Of course I get to decide what counts as Morning Pages or exercise or not, because I am only accountable to myself for the habits and behaviors that uphold my own health. In the end it’s about goals, trade-offs, and results. Why do I do these things? What am I trying to accomplish? What am I willing and not willing to do for the desired outcomes?

What works for me, regardless of what ‘experts’ say and ‘studies show’?

Morning pages make my day better whether I have looked out the window or at my phone beforehand, though the insights may come a bit easier with the former, because I always spend more time on the phone than I intend. But it still usually takes at least a page and a half before novel ideas and epiphanies emerge. Regardless, I feel calmer and centered having journaled at all before the day starts in earnest.

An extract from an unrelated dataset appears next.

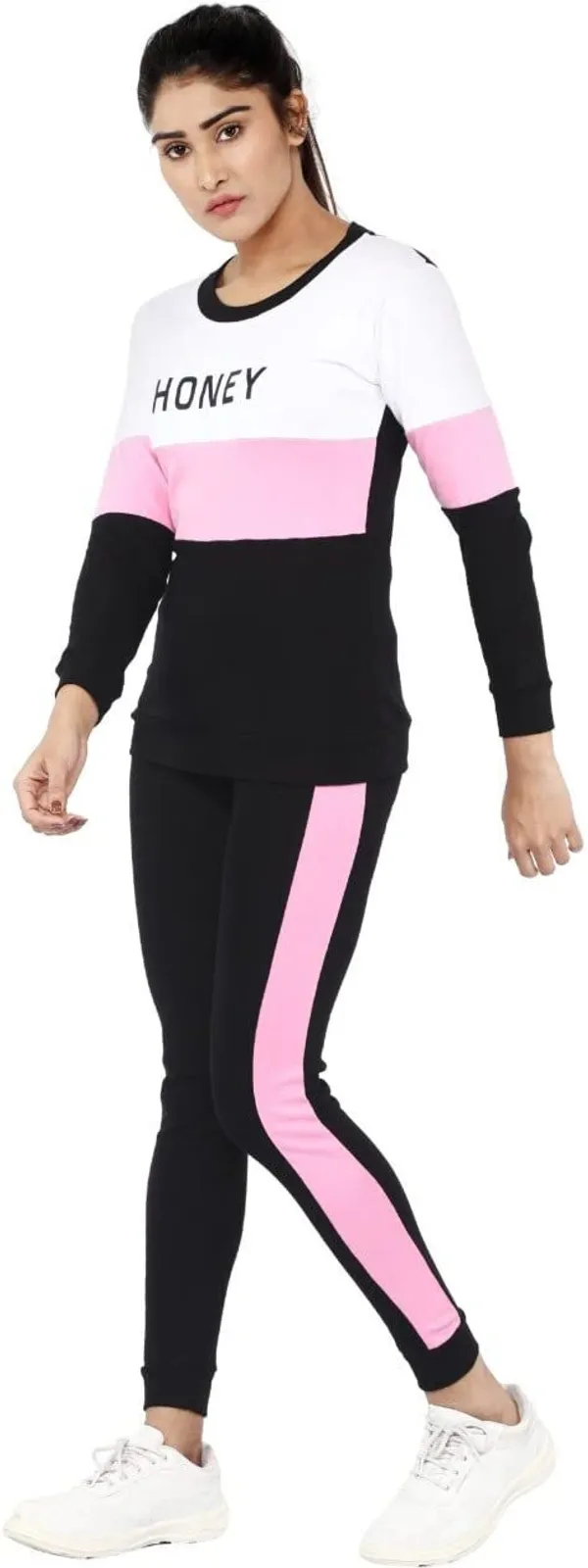 Pink_&_White_&_Black_Cotton_Lycra_Blend_Solid_Regular_Track_Suit_For_Women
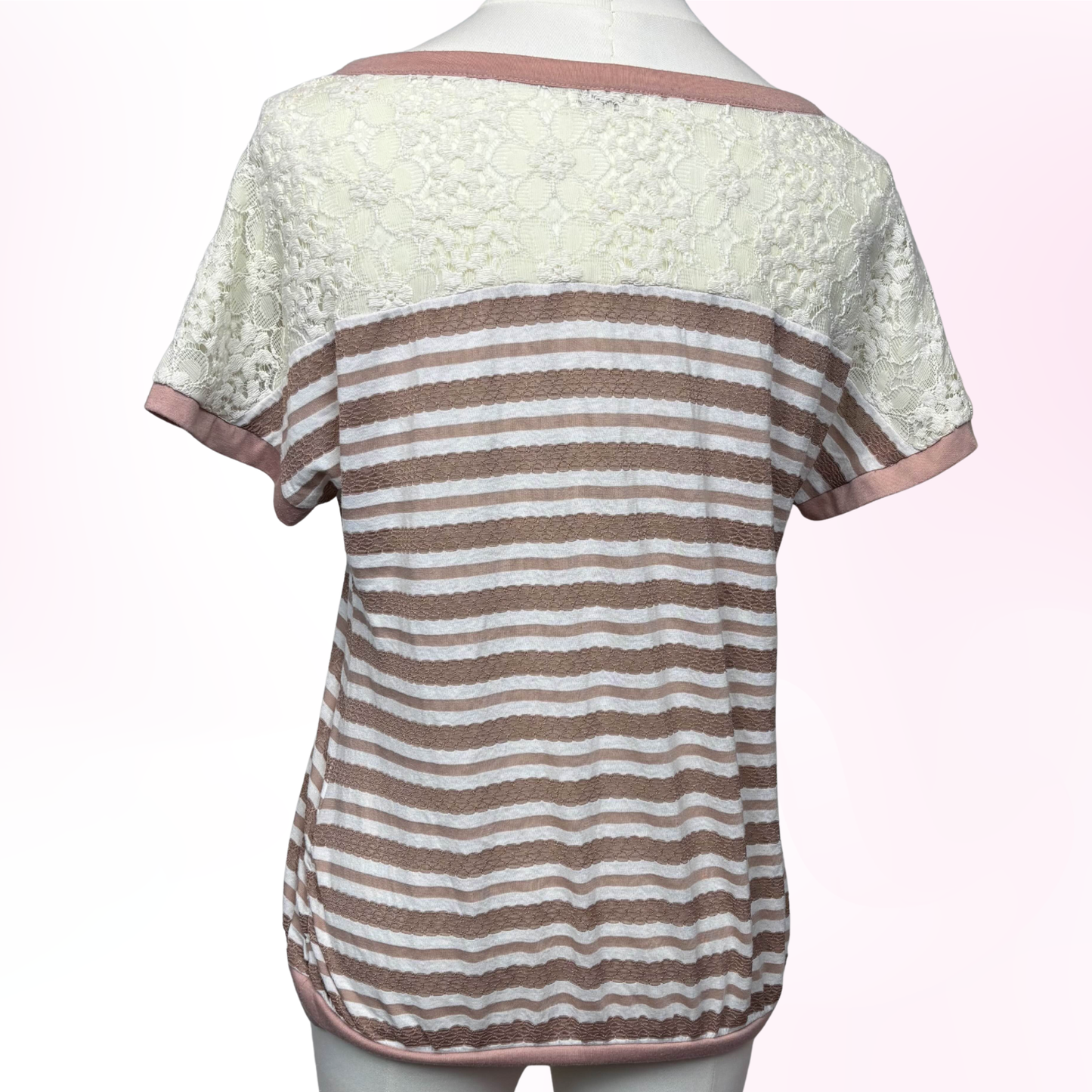 Japanese Brand 'Axes Femme' Dusty Pink Striped Lace Shoulder Top [Secondhand]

Moving in any way for any amount of time benefits both mind and body, and I can both feel and see consequences of variations in frequency, duration, and intensity over days, weeks, and months. If I move above and beyond activities of daily living and work, then I count it, track it, and review over time to correlate with how I feel.

I see people getting fixated on ‘what counts’. Our culture of metrics, trackers, comparison, and competition foster this tendency toward obsessiveness. It’s too easy today to lose the forest for the trees, and much too easy to forget that the complex global ecosystem of a whole person’s health is synergistic in multiple simultaneous dimensions rather than simple or linear in any way. Whenever we hear anyone say, ‘just do (xxx), and it will fix (some global problem that nobody has yet to solve because there is simply no one right solution),’ we should approach with high skepticism and alert critical thinking.

If it aligns with my commitments and gives me a sense of progress toward my goals, then I say it counts. Tracking helps me see patterns, intersections, and correlates. It makes me more self-aware in real time, holds me accountable, and gives me a little dopamine hit with each green dot logged. Counting can be its own reward.

In the end, however, it’s the being and the doing that matter. So count it or not, I get to choose. The rewards of action and results outweigh those of counting. I think it’s good once in a while to consider more deeply the basic questions like, “What counts?” It keeps me honest.